*** Material to process ***

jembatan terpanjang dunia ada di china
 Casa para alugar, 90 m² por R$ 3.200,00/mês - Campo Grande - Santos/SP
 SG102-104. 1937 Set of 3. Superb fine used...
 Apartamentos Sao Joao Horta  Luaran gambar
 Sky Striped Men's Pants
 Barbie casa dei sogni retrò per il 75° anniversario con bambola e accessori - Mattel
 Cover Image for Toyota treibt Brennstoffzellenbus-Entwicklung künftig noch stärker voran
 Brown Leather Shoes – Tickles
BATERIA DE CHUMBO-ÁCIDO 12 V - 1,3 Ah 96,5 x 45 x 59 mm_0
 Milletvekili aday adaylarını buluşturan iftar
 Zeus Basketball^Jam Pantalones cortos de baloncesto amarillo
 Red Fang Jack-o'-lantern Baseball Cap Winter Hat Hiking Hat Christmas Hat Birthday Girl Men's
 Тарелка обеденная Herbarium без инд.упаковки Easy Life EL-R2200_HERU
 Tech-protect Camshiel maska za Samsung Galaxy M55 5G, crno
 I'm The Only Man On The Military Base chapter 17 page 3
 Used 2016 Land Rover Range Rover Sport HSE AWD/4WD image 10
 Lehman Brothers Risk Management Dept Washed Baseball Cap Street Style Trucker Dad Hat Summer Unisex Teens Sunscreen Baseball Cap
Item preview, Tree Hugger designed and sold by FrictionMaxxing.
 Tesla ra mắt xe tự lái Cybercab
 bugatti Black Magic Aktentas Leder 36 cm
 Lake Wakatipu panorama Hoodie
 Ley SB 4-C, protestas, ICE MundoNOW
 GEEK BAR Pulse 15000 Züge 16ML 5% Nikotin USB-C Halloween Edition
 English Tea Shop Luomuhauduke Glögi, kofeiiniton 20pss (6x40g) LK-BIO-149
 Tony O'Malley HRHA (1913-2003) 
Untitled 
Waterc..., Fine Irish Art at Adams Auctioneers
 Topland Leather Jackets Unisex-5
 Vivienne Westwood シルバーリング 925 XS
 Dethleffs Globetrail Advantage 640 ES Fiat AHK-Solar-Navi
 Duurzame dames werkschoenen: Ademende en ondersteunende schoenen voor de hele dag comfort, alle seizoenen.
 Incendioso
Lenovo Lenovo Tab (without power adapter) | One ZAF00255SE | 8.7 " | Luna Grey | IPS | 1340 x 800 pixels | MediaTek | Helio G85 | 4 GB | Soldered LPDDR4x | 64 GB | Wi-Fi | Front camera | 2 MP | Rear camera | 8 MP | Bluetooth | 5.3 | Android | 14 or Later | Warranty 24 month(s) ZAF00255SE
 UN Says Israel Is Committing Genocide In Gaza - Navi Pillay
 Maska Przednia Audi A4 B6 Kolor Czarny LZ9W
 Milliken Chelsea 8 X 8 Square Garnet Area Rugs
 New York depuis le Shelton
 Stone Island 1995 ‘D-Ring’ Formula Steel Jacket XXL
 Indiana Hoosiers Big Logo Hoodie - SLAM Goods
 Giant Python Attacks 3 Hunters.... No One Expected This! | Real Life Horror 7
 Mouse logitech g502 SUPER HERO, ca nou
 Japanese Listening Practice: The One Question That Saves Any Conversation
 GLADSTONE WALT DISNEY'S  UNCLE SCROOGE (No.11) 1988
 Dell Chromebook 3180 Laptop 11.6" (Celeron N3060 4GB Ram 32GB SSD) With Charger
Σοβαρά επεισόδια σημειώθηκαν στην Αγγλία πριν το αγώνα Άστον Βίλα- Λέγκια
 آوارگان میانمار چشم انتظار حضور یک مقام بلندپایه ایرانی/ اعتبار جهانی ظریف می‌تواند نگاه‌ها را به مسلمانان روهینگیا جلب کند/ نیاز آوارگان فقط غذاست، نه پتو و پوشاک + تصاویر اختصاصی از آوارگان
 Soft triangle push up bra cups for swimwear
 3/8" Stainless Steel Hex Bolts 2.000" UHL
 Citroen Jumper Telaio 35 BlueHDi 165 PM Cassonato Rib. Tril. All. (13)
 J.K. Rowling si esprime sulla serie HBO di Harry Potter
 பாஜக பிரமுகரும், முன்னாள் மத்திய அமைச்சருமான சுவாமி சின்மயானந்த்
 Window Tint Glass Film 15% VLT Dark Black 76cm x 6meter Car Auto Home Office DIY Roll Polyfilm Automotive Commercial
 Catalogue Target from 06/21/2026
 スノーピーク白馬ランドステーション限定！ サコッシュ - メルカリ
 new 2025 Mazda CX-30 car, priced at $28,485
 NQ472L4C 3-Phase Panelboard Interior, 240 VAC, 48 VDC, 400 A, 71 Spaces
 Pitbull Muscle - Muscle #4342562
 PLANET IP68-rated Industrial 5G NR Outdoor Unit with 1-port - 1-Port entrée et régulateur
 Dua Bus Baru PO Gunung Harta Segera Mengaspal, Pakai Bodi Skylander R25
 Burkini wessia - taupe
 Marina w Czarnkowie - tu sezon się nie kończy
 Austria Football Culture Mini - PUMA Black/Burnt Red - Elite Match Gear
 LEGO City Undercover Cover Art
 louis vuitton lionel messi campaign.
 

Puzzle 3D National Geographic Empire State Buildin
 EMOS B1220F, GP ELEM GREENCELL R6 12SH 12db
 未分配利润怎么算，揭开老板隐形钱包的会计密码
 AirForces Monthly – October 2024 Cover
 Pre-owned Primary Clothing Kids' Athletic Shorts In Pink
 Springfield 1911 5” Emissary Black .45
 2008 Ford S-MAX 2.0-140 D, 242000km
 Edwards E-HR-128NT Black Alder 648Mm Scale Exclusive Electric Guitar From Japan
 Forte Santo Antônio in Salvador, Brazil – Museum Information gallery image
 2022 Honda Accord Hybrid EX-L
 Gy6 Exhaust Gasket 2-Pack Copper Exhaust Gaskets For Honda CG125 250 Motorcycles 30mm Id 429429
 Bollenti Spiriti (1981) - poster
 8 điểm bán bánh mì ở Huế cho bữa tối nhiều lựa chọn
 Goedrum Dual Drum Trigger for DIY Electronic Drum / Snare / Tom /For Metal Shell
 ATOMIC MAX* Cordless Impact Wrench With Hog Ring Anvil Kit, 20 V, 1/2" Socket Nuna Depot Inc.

*** End of Material to process ***

## [Work instructions]
In the lines above, find each one with "Steel" and list it.

## [Task solution]
 Stone Island 1995 ‘D-Ring’ Formula Steel Jacket XXL
 3/8" Stainless Steel Hex Bolts 2.000" UHL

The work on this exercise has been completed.